Like, say, The Rituals of Infinity, The Winds of Limbo shows signs of inexperience; Moorcock was at this time clearly someone who had lots of ideas he wanted to get down quickly. The background is sketchy, lacking detail - the lower classes, for example, are a stereotypical mass of easily lead uneducated labourers, which means that the reader is left feeling that they are being told that there is class conflict without really feeling that it affects anyone.
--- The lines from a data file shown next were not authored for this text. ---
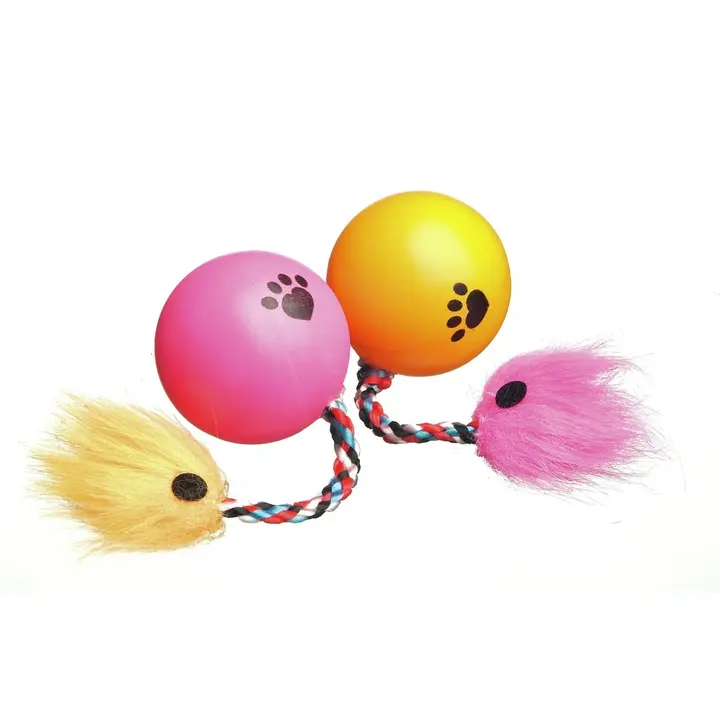 Camon kissan pello narutupsulla 3,5cm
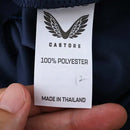 ATHLETIC BILBAO II 25/26 HOMBRE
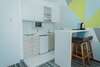 Tangerine Apart Hotel Batumi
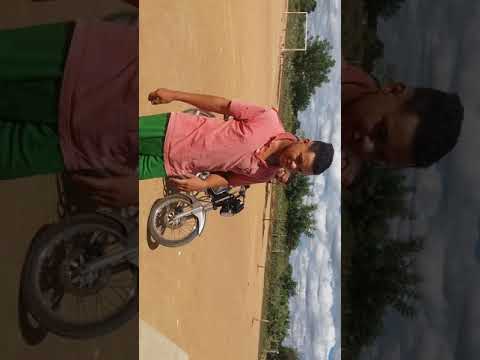 Fabiano Derrete chora boy😎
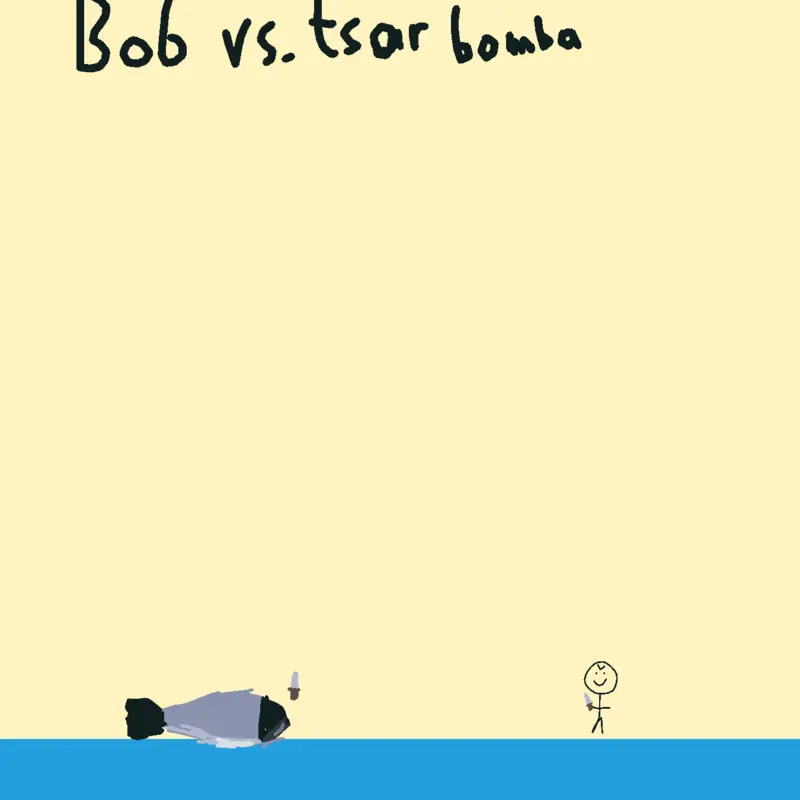 Game by @idk_69420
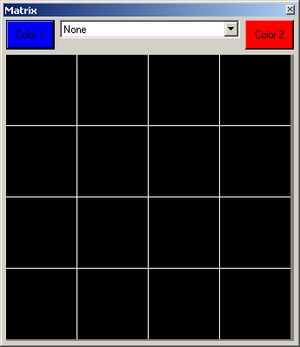 DMXC3L23 Matrix Control2.png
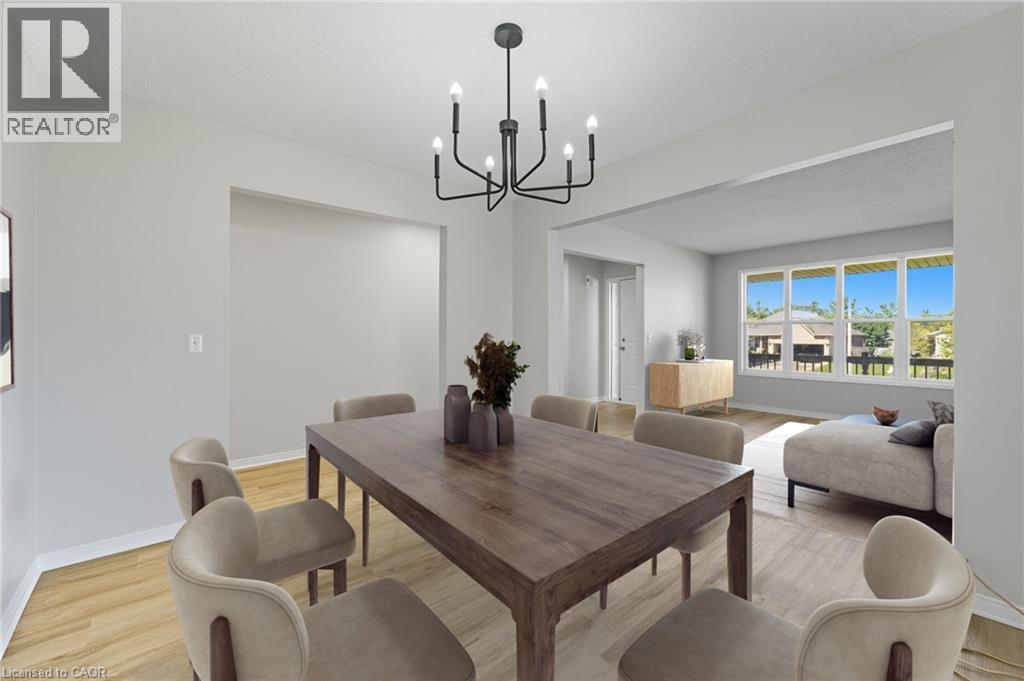 16 Jones Court, Ayr, Ontario  N0B 1E0 - Photo 17 - 40774377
Even though one of the main characters is not from the top bracket, being considered inferior to the woman he loves, he is still distinctly privileged. He is the grandson of a senior politician but of illegitimate birth because his grandfather refused to let his mother marry out of her class. This makes him an outsider of the whole class system, and this position could have been exploited more cleverly to tell us about this future society and its tensions.
The shallowness of the background - a problem Moorcock quickly learned how to overcome - also lies at the core of other problems that The Winds of Limbo has. It weakens the satire; although class is obviously the target, it remains unclear exactly what Moorcock wants to say about it (other than that it is a bad thing). By 1965, far more penetrating and effective satire had made its impact. The Fireclown's nihilism was either not really the answer Moorcock saw to society's problems, or it was one he lacked the conviction to ram home (it may also of course have been his publisher who required the novel be toned down). The novel reads like the vague ideas of a left wing middle class intellectual, not something inspired by real knowledge of the life of the labouring classes.
The Winds of Limbo is an interesting and frustrating novel; so much more could have been made of the ideas it contains.